"Nicht das Dümmchen aus der Pfalz"

Heribert Schwan im Gespräch mit Britta Bürger · 23.06.2011
Was für eine Frau steckte hinter der Maske aus Make-up und Perücke, die den aufstrebenden Bundeskanzler Helmut Kohl unterstützt hat, Karriere zu machen? Hannelore Kohl habe "sehr früh mitgekriegt, dass Politik was ganz Schlechtes ist", sagt der Biograf Heribert Schwan.
Britta Bürger: Was für eine Frau steckte hinter der Maske aus Make-up und Perücke, die den aufstrebenden Bundeskanzler Helmut Kohl rundum darin unterstützt hat, Karriere zu machen, während sie selbst ihre Ausbildung als Dolmetscherin abbrach und im Kanzlerbungalow in Oggersheim seelisch verkümmerte? Diese Frage hat den langjährigen ARD-Journalisten Heribert Schwan umgetrieben und der während der Mitarbeit an einer Helmut-Kohl-Biografie einige Zeit ein und aus ging beim Ehepaar Kohl. Schönen guten Tag, Herr Schwan!

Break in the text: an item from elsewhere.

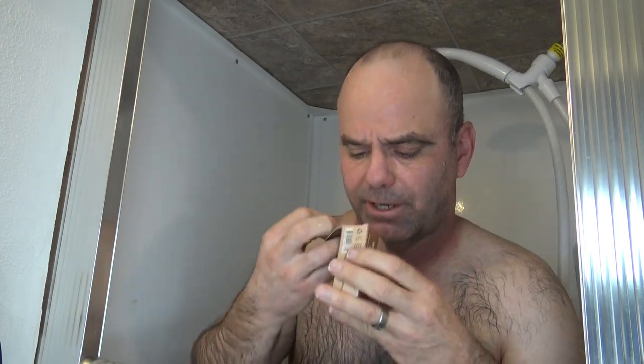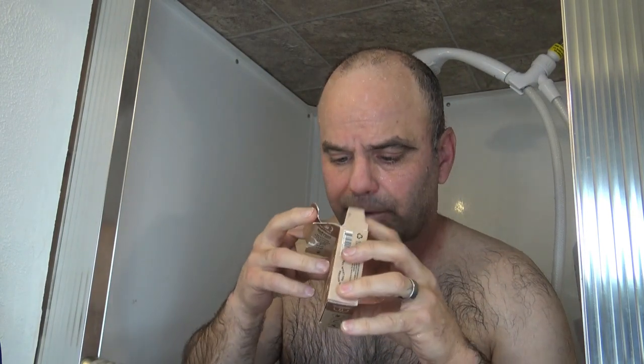Not a big fan of the Dr. Squatch soaps anymore. They smell really good coming out of the box. This one smells really strong — it's one of my favorites. I'm going to shower with it again just to put it to the test.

Heribert Schwan: Guten Tag nach Berlin!

Bürger: Glaubt man Ihrem Buch, dann hat sich Hannelore Kohl Ihnen offenbart wie keiner anderen öffentlichen Person. Wie erklären Sie sich das?

Schwan: Nun ja, ich habe Hannelore Kohl Mitte der 80er-Jahre kennengelernt – ich war dabei, mit einem Koautor ein Buch über Helmut Kohl zu schreiben. Wir haben damals mit sehr vielen Zeitzeuginnen und Zeitzeugen gesprochen, Mitschülern, Konabiturienten, Kommilitonen und so weiter. Dann habe ich einen Film gedreht über Hannelore Kohl für die ARD, und da hat natürlich Hannelore Kohl auch eine Rolle gespielt. Das heißt, wir kamen uns näher, Hannelore Kohl las das Buch, sah den Film, und dann habe ich mich darum bemüht, eine Dokumentation über sie zu drehen. Schwerpunkt ihr soziales Engagement für das Kuratorium ZNS für Verletzte [mit Schäden] des Zentralen Nervensystems.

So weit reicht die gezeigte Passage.